Two sea lions close enough to feel each other’s warmth, yet still a comfortable space between them. It was a little chilly in San Francisco when I took this picture. I had walked about 6 miles through the city, beginning my trek with warm sunshine, people on bikes speeding past, joggers chatting about upcoming marathons as they padded along, kids on skateboards creating a drum beat along the uneven concrete path. I was on a mission to reach Fisherman’s Wharf before the stores closed and the sun went down. No time to stop an enjoy the Embarcadero. I had to keep going or risk running out of time. As I got closer to my destination, the weather drastically changed. I had blinked my eyes to enjoy a reprieve from the sun, only to open them and find the sun had been replaced with a black and white movie version of the same cityscape. The wind gently lashing my hair around, letting me know that nothing is forever. Silly human, you should have kept your eyes open.
The fog that rolled in stole my last glance at the Golden Gate Bridge. It enshrouded the wharf with this creepy quality that made me feel like some strange apparition might come floating over the water. I picked up the pace, beginning to feel this fear creeping into my spine, a nervousness beginning to take hold. And just as I was about to let the fear win, I heard the familiar, playful barking of the Pier 39 sea lions. I quickly turned the corner and the sea lions were acting as they had the day before when it had been sunny…sleeping, playing, knocking each other around, swimming along the edges of the docks. They were oblivious to the change in weather. It hadn’t phased them at all.
Further away from this big group of sea lions slept Vivian and Edward. I was instantly enamored by them. I could feel their shared solitude. The noisiness of their peers, the tourists chattily snapping pictures, the loud wind pushing through the air, it all quieted and I was allowed into their quiet little bubble for a moment. I had the oddest feeling…I was jealous. I wanted to be them. Simple, sleeping creatures, not needing to speak or think or worry. Merely needing the warmth and comfort of each other’s bodies.
Jealous of sea lions…that doesn’t even make sense, does it? I was though. I went from happily walking along a warm shoreline to stumbling into a cold, stark fog and I felt every part of that transition until I was chilled and feeling extremely alone. Yet through that transition, these two stayed constant, felt none of it. Only felt each other breathe and their warmth radiate. Passage of time wasn’t an issue. They weren’t worried about how to get back to their hotel before it got dark. Not worried they hadn’t remembered something important from the day or a phone call that needed to be made. No major decisions to think about. Plenty of food in their belly and just peaceful slumber with the one they love.

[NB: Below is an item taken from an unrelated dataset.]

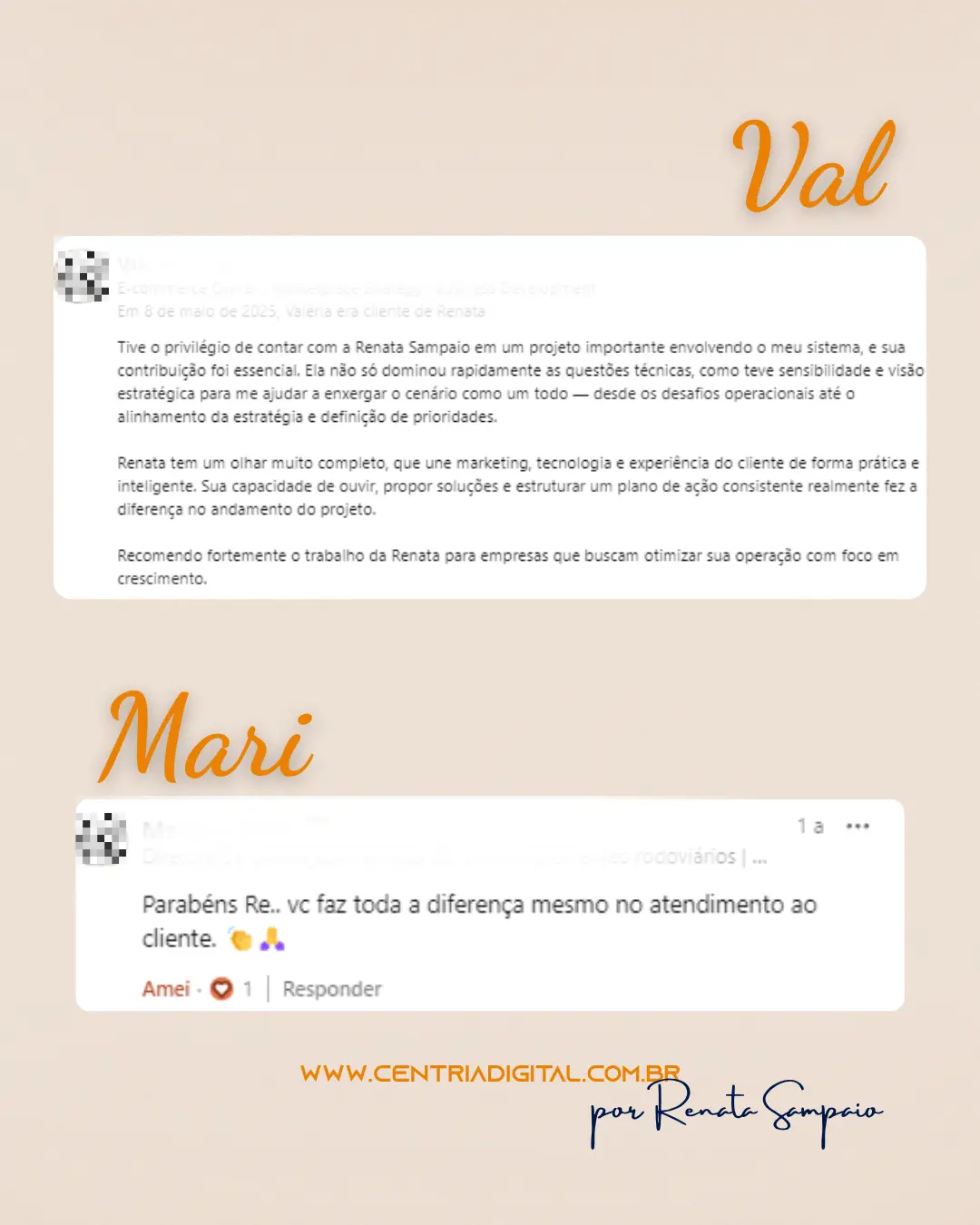 Depoimento de cliente sobre acompanhamento e relacionamento profissional
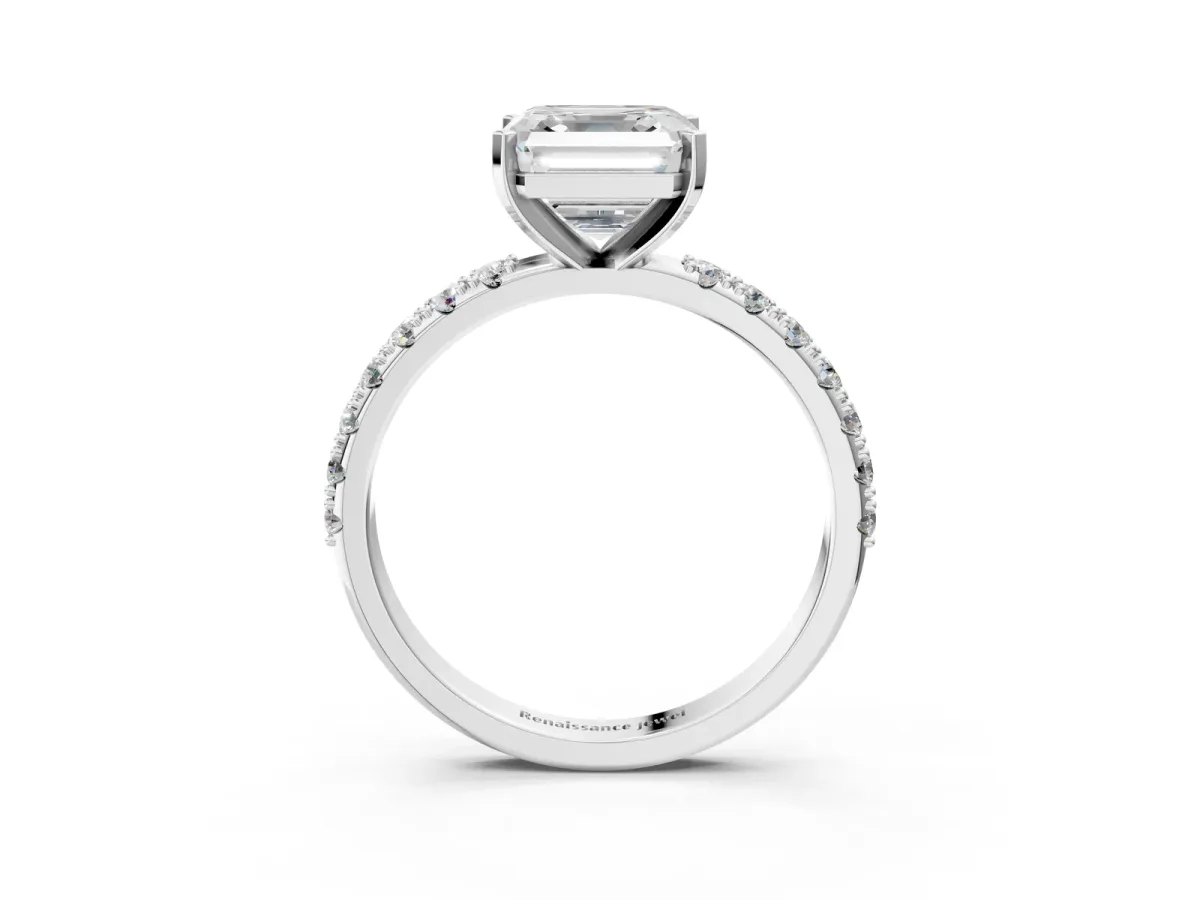 Asscher Cut Diamond Solitaire Pavé Band with Four-Prong Setting Silver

As humans, we think we have it all figured out. We are the smartest, we build great things, our brains are capable of complex thought, but I think we aren’t as smart as we think we are. Because as simple as life can be, as simple as it is to love, we complicate everything. I wonder if we are the failed experiment and god or the universe will eventually say, “Well, that was a nice try. These humans really mucked things up. Dinosaurs…too big. Humans…too smart. Send in the asteroids. Third times a charm.”